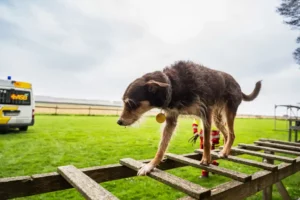 Rettungshundestaffel des ASB Oberschwaben-Nord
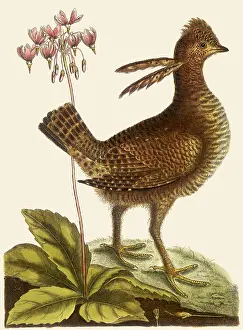 Catesby: Heath Hen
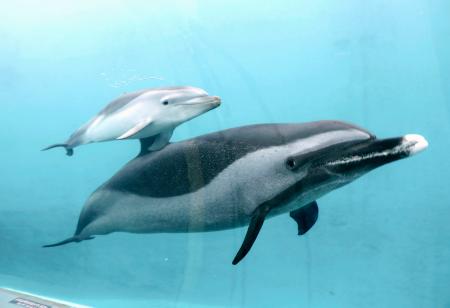 母親（下）に寄り添って泳ぐマダライルカの赤ちゃん＝９日午前、和歌山県太地町の町立くじらの博物館
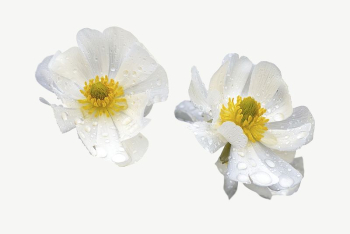 Mount Cook lilies collage element | Free PSD - rawpixel Mount Cook lilies collage element | Free PSD - rawpixel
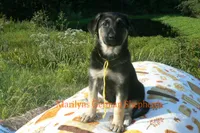 Enchantress's Miss Sunshine and Lemons, a female German Shepherd Dog for sale in Piedmont, MO – 7 of 7
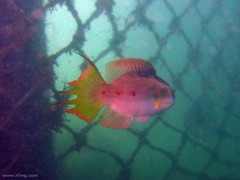 Oxycheilinus bimaculatus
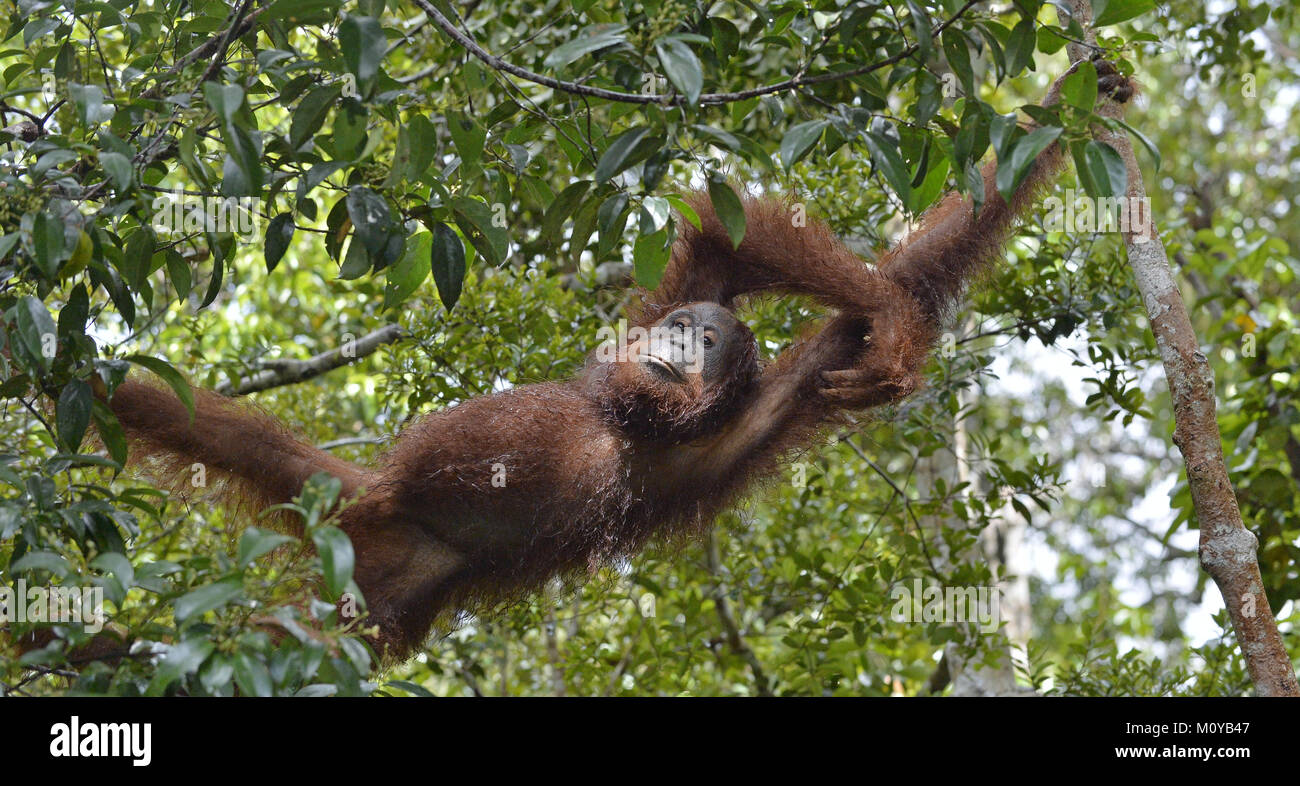 Entspannende Orang-utan im Baum verzweigt. Bornesischen Orang-utan (Pongo pygmaeus) wurmmbii in der wilden Natur. Regenwald der Insel Borneo. Indonesien. Stockfoto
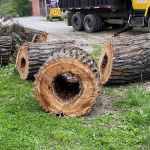 Wagon Wheel Mobile Park, LLC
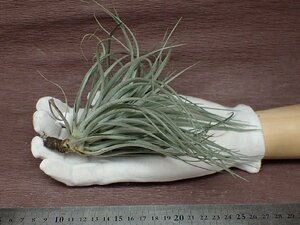 Tillandsia 'Houston' チランジア ヒューストン★エアプランツKK★第四種送料別途★税別1円～!!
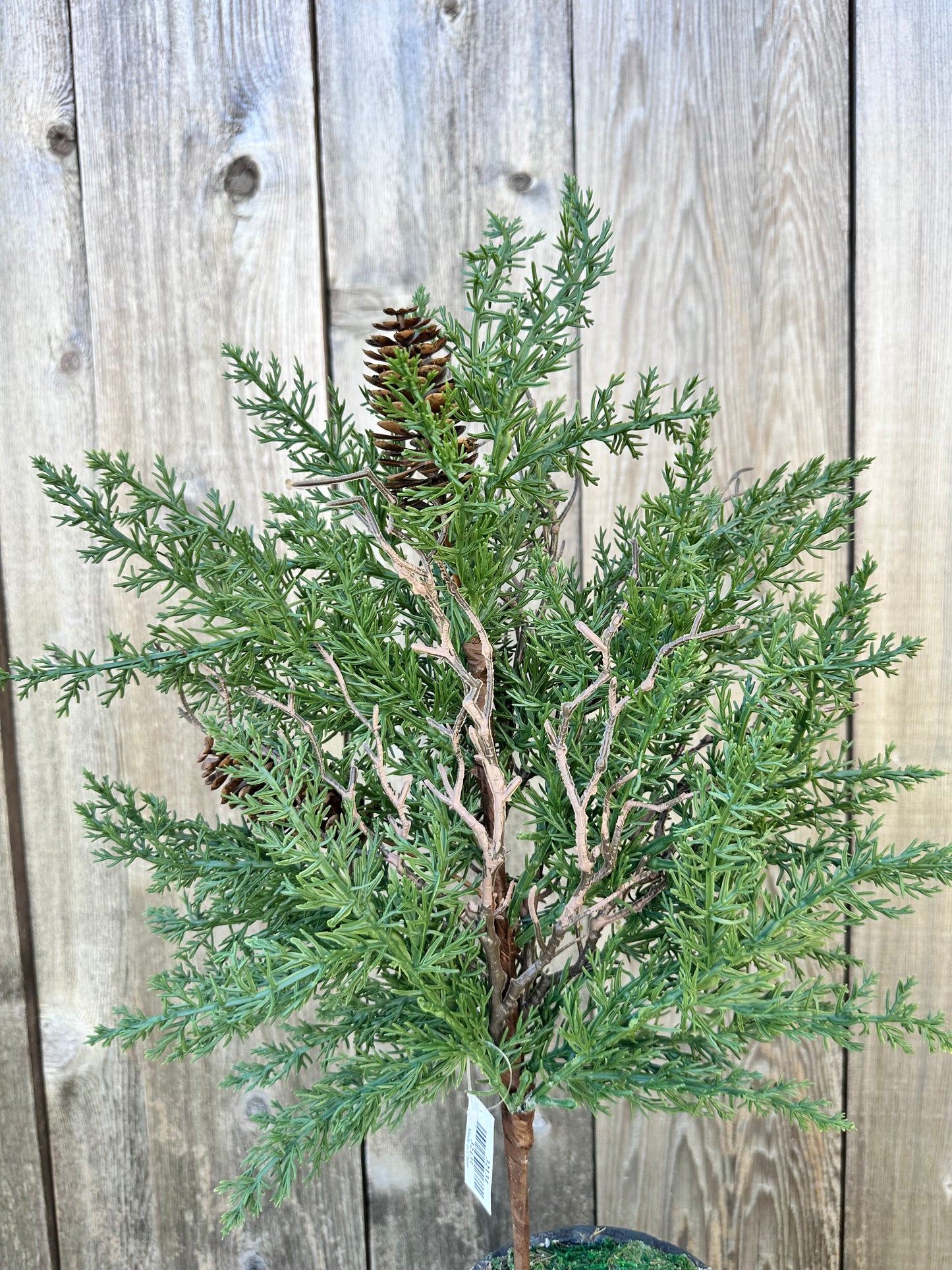 PINE & CONE BUSH   32131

+---+

Exercise description - All lines from the one holding "Catesby: Heath Hen" to the end of the listing above need to be duplicated exactly. None of the pictures should be included.

Result below -
 Catesby: Heath Hen
 母親（下）に寄り添って泳ぐマダライルカの赤ちゃん＝９日午前、和歌山県太地町の町立くじらの博物館
 Mount Cook lilies collage element | Free PSD - rawpixel Mount Cook lilies collage element | Free PSD - rawpixel
 Enchantress's Miss Sunshine and Lemons, a female German Shepherd Dog for sale in Piedmont, MO – 7 of 7
 Oxycheilinus bimaculatus
 Entspannende Orang-utan im Baum verzweigt. Bornesischen Orang-utan (Pongo pygmaeus) wurmmbii in der wilden Natur. Regenwald der Insel Borneo. Indonesien. Stockfoto
 Wagon Wheel Mobile Park, LLC
 Tillandsia 'Houston' チランジア ヒューストン★エアプランツKK★第四種送料別途★税別1円～!!
 PINE & CONE BUSH   32131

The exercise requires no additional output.